Assumindo o papel de homem da casa – consertando o carro, a calha, os degraus –
e até enfrentando a cozinha – com uma já antológica cena em que os três, como
uma família, assam uma torta de pêssegos – Frank acaba por encantar Adele, uma
mulher solitária que vê nele uma figura masculina diferente do marido pouco
confiável. Henry não demora a notar o interesse da mãe em Frank – e vice-versa
– e luta internamente com a felicidade de ver a mãe reagindo ao mundo depois de
muito tempo e o medo em relação ao destino de Frank, afinal de contas um
foragido da Justiça.
Logicamente, como se trata de uma
história de amor, o passado de Frank também é revolvido pelo roteiro, e conta
com uma saudável cota de decepções e injustiças. Com flashbacks rápidos
entremeados à trama central – e que apresenta Tom Lipinski, um ator idêntico a
Josh Brolin fazendo seu papel na juventude – Reitman mostra à plateia que não
há motivo para medo: Frank é um homem bom, e é permitido torcer para um final
feliz entre ele e Adele. Esse tom de melodrama do filme, ao contrário do que se
poderia esperar, funciona à perfeição. Como um bom contador de histórias, o cineasta
quer que o público se afeiçoe a seus personagens e o faz com maestria.
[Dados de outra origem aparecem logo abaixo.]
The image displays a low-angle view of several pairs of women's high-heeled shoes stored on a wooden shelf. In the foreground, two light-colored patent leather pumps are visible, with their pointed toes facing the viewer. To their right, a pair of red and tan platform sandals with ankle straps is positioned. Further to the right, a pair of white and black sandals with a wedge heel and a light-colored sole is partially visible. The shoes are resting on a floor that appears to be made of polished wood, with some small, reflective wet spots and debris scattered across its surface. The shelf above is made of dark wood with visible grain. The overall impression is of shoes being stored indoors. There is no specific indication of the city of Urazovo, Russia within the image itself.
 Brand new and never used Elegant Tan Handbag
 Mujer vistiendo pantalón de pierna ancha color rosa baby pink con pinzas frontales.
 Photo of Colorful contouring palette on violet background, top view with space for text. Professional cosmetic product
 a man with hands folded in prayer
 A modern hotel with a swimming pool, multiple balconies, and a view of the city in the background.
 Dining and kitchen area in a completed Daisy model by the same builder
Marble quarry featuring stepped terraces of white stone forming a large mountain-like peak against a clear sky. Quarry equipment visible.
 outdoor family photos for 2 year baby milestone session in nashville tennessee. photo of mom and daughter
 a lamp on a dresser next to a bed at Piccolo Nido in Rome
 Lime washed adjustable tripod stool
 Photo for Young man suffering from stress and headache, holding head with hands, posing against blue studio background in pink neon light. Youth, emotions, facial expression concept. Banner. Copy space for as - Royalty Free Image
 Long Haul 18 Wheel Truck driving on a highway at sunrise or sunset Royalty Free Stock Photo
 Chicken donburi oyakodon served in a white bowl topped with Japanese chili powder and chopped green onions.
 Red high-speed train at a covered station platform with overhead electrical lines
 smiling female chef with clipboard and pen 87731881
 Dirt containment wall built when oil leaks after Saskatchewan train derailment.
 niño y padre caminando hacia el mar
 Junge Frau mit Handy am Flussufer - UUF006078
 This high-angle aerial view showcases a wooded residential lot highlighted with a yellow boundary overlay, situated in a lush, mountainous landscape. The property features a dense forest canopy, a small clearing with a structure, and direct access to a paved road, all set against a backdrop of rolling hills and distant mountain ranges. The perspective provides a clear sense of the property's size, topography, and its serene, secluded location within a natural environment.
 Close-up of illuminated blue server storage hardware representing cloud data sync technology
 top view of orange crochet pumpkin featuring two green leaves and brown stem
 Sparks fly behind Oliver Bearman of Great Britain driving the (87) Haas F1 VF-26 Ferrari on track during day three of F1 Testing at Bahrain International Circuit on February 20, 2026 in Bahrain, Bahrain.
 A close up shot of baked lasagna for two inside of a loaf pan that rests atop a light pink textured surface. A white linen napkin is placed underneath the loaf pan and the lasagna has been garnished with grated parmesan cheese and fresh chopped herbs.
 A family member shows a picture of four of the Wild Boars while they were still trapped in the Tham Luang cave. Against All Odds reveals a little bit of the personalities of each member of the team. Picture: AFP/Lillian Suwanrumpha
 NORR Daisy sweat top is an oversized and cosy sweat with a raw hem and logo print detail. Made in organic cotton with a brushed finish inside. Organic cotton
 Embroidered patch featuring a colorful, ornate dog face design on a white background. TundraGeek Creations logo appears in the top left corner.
Fica
difícil à plateia não se deixar envolver pelo romance entre Frank e Adele,
especialmente porque a química entre Josh Brolin e Kate Winslet transborda pela
tela.
Sem que seja preciso apelar para uma cena sequer de sexo, Jason Reitman inunda todas as sequências entre Winslet e Brolin com uma sensualidade à beira do inflamável. São olhares expressivos, toques delicados de mãos, sessões de cozinha e aulas de dança que orquestram a relação perigosa/apaixonada entre os personagens, e tal condição não escapa aos olhos do introvertido Henry, que justamente nesse momento está passando pela fatídica fase de despertar para o sexo oposto – que surge na figura de uma nova moradora da cidade, rebelde e ousada. O contraponto entre a mãe (redescobrindo o prazer e a paixão) e o filho (caminhando para o primeiro amor) surge como uma interessante subtrama, aprofundando os laços entre os dois e confirmando o talento do jovem Griffith em transmitir muito sem precisar falar quase nada. Intercaladas com alguns momentos de suspense bem dosados – o roteiro nunca deixa de lembrar que Frank é um criminoso – as cenas românticas de “Refém da paixão” buscam o familiar, a normalidade e a paz mesmo quando retrata uma situação muito longe da corriqueira. A família postiça de Henry – com um pai bem mais digno do título do que o verdadeiro – lhe oferece mais amor e exemplos do que a original: um contraste inteligente que eleva o filme acima da média do gênero.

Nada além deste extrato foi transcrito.